- Task instructions -
The expected output is the complete data, reproduced exactly.

- Material for this task -
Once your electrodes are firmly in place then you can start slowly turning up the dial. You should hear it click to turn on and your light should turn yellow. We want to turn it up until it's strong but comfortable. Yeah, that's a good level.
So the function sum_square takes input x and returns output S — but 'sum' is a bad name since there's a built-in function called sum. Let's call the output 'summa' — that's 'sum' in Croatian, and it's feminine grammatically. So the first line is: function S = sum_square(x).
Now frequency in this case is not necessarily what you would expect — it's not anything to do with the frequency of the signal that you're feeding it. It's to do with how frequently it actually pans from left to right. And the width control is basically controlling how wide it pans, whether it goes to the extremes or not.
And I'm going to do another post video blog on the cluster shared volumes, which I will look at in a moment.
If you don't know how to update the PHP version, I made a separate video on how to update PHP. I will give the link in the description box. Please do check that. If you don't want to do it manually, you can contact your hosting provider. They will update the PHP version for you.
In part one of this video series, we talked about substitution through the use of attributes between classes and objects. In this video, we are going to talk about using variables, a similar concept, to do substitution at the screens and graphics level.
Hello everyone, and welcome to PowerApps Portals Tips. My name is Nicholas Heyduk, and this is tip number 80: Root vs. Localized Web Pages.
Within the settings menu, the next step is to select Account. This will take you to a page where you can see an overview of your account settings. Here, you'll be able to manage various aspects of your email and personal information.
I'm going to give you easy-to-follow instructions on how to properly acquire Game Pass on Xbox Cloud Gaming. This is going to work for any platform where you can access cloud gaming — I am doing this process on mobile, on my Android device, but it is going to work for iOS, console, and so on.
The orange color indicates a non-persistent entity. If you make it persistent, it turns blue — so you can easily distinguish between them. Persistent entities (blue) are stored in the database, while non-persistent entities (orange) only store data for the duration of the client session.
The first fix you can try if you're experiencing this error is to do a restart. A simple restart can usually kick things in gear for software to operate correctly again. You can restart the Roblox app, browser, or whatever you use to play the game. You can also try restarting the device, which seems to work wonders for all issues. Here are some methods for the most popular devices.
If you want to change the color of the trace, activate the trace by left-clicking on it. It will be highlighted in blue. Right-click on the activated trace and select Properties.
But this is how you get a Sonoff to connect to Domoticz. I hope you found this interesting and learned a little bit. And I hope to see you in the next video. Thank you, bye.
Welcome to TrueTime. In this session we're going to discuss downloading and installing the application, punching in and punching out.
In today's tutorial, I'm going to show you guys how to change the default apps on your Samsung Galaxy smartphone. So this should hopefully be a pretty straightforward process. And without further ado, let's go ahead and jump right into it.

- Written answer -
Once your electrodes are firmly in place then you can start slowly turning up the dial. You should hear it click to turn on and your light should turn yellow. We want to turn it up until it's strong but comfortable. Yeah, that's a good level.
So the function sum_square takes input x and returns output S — but 'sum' is a bad name since there's a built-in function called sum. Let's call the output 'summa' — that's 'sum' in Croatian, and it's feminine grammatically. So the first line is: function S = sum_square(x).
Now frequency in this case is not necessarily what you would expect — it's not anything to do with the frequency of the signal that you're feeding it. It's to do with how frequently it actually pans from left to right. And the width control is basically controlling how wide it pans, whether it goes to the extremes or not.
And I'm going to do another post video blog on the cluster shared volumes, which I will look at in a moment.
If you don't know how to update the PHP version, I made a separate video on how to update PHP. I will give the link in the description box. Please do check that. If you don't want to do it manually, you can contact your hosting provider. They will update the PHP version for you.
In part one of this video series, we talked about substitution through the use of attributes between classes and objects. In this video, we are going to talk about using variables, a similar concept, to do substitution at the screens and graphics level.
Hello everyone, and welcome to PowerApps Portals Tips. My name is Nicholas Heyduk, and this is tip number 80: Root vs. Localized Web Pages.
Within the settings menu, the next step is to select Account. This will take you to a page where you can see an overview of your account settings. Here, you'll be able to manage various aspects of your email and personal information.
I'm going to give you easy-to-follow instructions on how to properly acquire Game Pass on Xbox Cloud Gaming. This is going to work for any platform where you can access cloud gaming — I am doing this process on mobile, on my Android device, but it is going to work for iOS, console, and so on.
The orange color indicates a non-persistent entity. If you make it persistent, it turns blue — so you can easily distinguish between them. Persistent entities (blue) are stored in the database, while non-persistent entities (orange) only store data for the duration of the client session.
The first fix you can try if you're experiencing this error is to do a restart. A simple restart can usually kick things in gear for software to operate correctly again. You can restart the Roblox app, browser, or whatever you use to play the game. You can also try restarting the device, which seems to work wonders for all issues. Here are some methods for the most popular devices.
If you want to change the color of the trace, activate the trace by left-clicking on it. It will be highlighted in blue. Right-click on the activated trace and select Properties.
But this is how you get a Sonoff to connect to Domoticz. I hope you found this interesting and learned a little bit. And I hope to see you in the next video. Thank you, bye.
Welcome to TrueTime. In this session we're going to discuss downloading and installing the application, punching in and punching out.
In today's tutorial, I'm going to show you guys how to change the default apps on your Samsung Galaxy smartphone. So this should hopefully be a pretty straightforward process. And without further ado, let's go ahead and jump right into it.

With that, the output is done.